A Costco recently opened up near our house (after much anticipation in the staff rooms, teachers really love the place). We were given a membership for an early Christmas gift. On our first visit (and so far only) the main objective, besides eat free samples, was to research prices. We checked our staples and made a list of what was a good deal, what was an okay deal, and what was to be avoided. I actually wish we had written down the price of each item. Because we shop almost solely sale items at the grocery store, it’s hard to keep track of what is a good buy. Regardless, it seems to break down pretty simply. Whole foods were a better price. This includes milk, eggs, cream, butter, milk, nuts, quinoa, hemp seeds, maple syrup and broth (which I guess isn’t really a whole food). The big exception to this is produce. This seemed expensive to me. Anything processed is to be avoided like the plague. I think this is where they get people. They have a very tempting baking and frozen foods section. I noticed a lot of cheese cake. These things were all very expensive.
It takes a transition to start shopping at a wholesale type store. You definitely need a list. It also helps to be familiar with what you normally pay for an item per unit (ie. grams or ounces) because the chances of seeing it in the same size as normally are slim. Impulse buys at stores like these can easily end up costing you hundreds, since the items are huge. I also think it’s key to avoid the middle section where the ‘stuff’ is. If you didn’t come to the grocery store to buy an office chair, you probably shouldn’t be leaving with one.

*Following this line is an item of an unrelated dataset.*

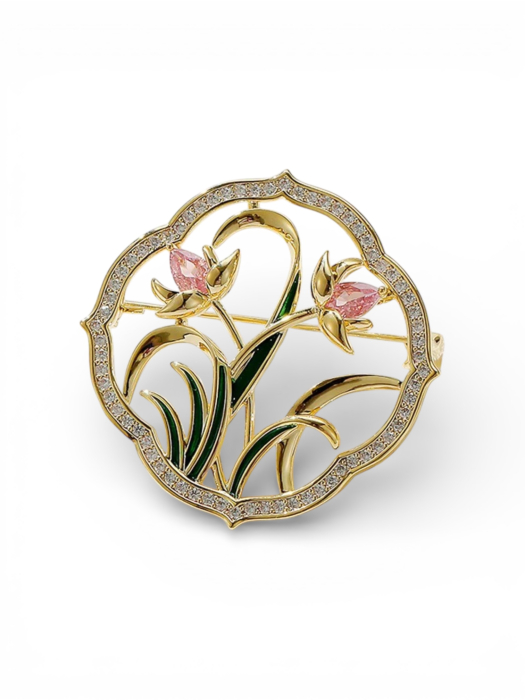 Broșă Flowers cu Cristale & Eșarfă din Mătase – Cadou Elegant de 8 Martie [3]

I think the ideal situation would be sharing a membership amongst 2 families. That way you don’t have to store preposterously large things in the kitchen (our box of 68 nature valley bars barely fit, but at 17 cents a bar we couldn’t resist). You also don’t run the risk of things spoiling or expiring before you get through them. I’m sure Costco has ways to prevent you from doing this, but finding a way would be worth it.